Eine Schere ist ein Werkzeug zum span-losen Zerteilen oder Einschneiden verschiedener Materialien – meist mittels zweier gegeneinander beweglicher Klingen mit Schneiden, auch Scherenhebel oder Branchen genannt.

Der Schneidevorgang erfolgt, indem man das Material an der zu durchtrennenden Stelle zwischen die Klingen schiebt und diese dann dicht aneinander vorbeigleiten lässt. Es gibt unterschiedliche Formen und Typen von Scheren, je nachdem, für welches Material und für welchen Zweck diese gedacht sind.

Wortherkunft

Das Substantiv „Schere“ stammt über die althochdeutsche Form scāri von der indogermanischen Wurzel *(s)ker- „schneiden“ ab, auf die auch die Wörter scharf, schürfen, Schar, englisch scar „Narbe“, altgriechisch κείρω (keiro) „schneiden“ und καρπός (karpos) „Frucht, eigentlich: das Abgeschnittene, Abgepflückte“ neben vielen anderen zurückgehen.

Formen

Es lassen sich Scheren mit (mindestens) zwei beweglichen Klingen von solchen mit einer beweglichen Klinge und einer fixierten Schneidekante unterscheiden.

Zwei bewegliche Klingen

Erstere gliedern sich wiederum in sogenannte Bügelscheren und Gelenkscheren. Bügelscheren bestehen aus einem U-förmigen Stück Metall, dessen Schenkel zu Klingen geschmiedet wurden. Sie schneiden, indem die Klingen zusammengedrückt werden. Verringert man den Druck, öffnen sie sich aufgrund ihrer Eigenspannung wieder. Bügelscheren werden heute selten verwendet. Ausnahmen sind etwa die Schafschere zur Schafschur, die Gartenschere zum Schneiden von Rasenkanten und die Nigiri, einer Blattschere, zum Schneiden von Bonsai.

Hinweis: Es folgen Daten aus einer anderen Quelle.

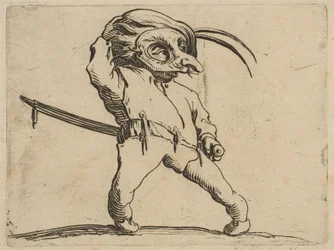 Den maskerte mannen med krokede ben, fra Varie Figure ..., 1616-22.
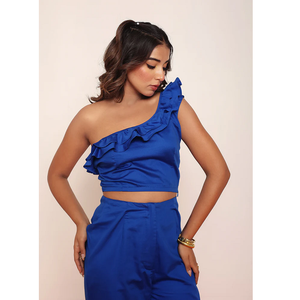 Top de un solo hombro con volantes para mujer, elegante, ajustado, a la moda, para fiestas, chic, para salir de verano. - Product Image 1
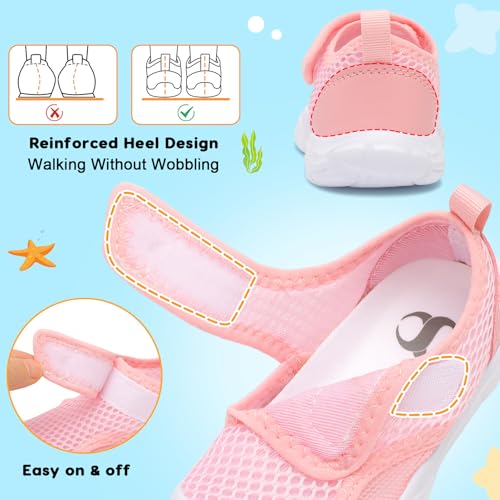 7 Toddler Water Shoes Pink - Quick-Dry Beach & Pool Sandals for Girls & Boys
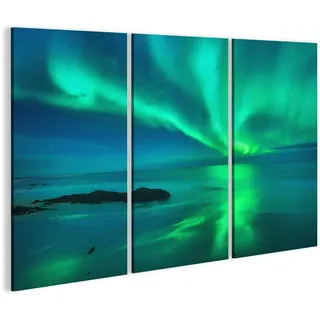 islandburner Bild Bilder auf Leinwand Aurora auf dem Meer. Nordlichter in Lofoten-Inseln, Norwegen. Sternenhimmel mit Polarlichtern. Nacht Wandbild, Poster, Leinwandbild JTW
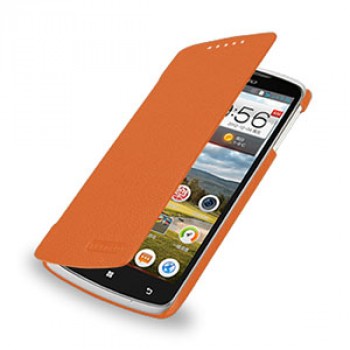 Кожаный чехол книжка горизонтальная (нат. кожа) для Lenovo IdeaPhone S920 Оранжевый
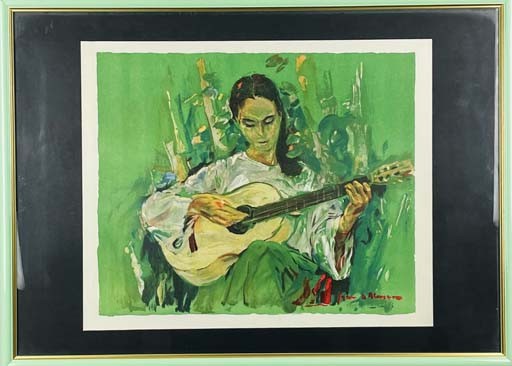 JEUNE FEMME À LA GUITARE - FAVRE DE THIERRENS Jacques (1895-1973) - Lithographie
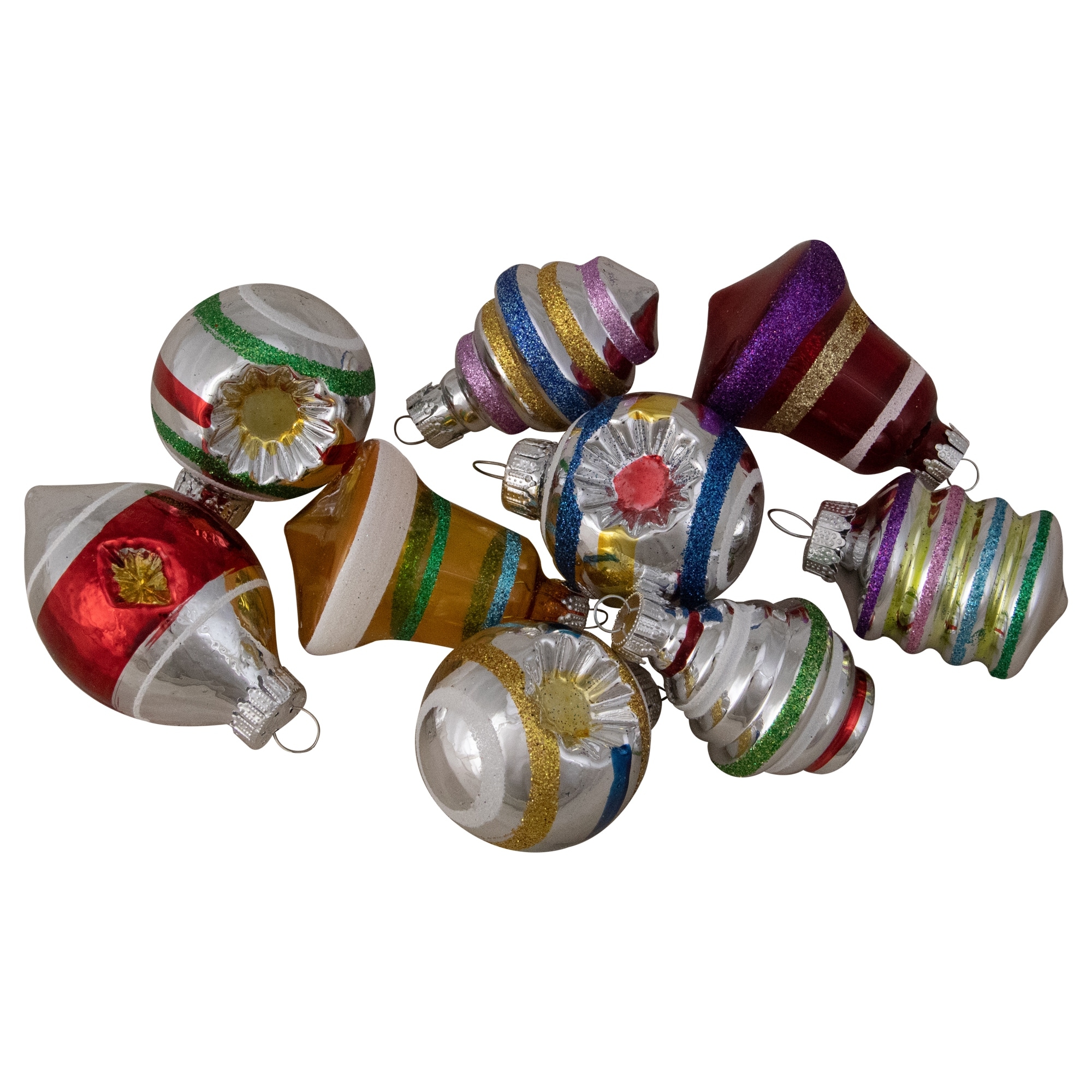 9ct Silver and Gold Glass 2-Finish Glittered Christmas Ornaments 2.5"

Die typische Gelenkschere gibt es dagegen für die unterschiedlichsten Einsatzzwecke. Sie besteht i. d. R. aus zwei Klingen mit je einem ringförmigen auslaufenden Griff (genannt Auge), die drehbar auf einer Achse so über Kreuz gelagert sind, dass sich die Klingen mit der scharfen Seite gegenüberstehen. (Als Sonderform hat die Kräuterschere mehrere Klingenpaare.) Sowohl zum Schneiden als auch zum Öffnen muss Kraft aufgewendet werden.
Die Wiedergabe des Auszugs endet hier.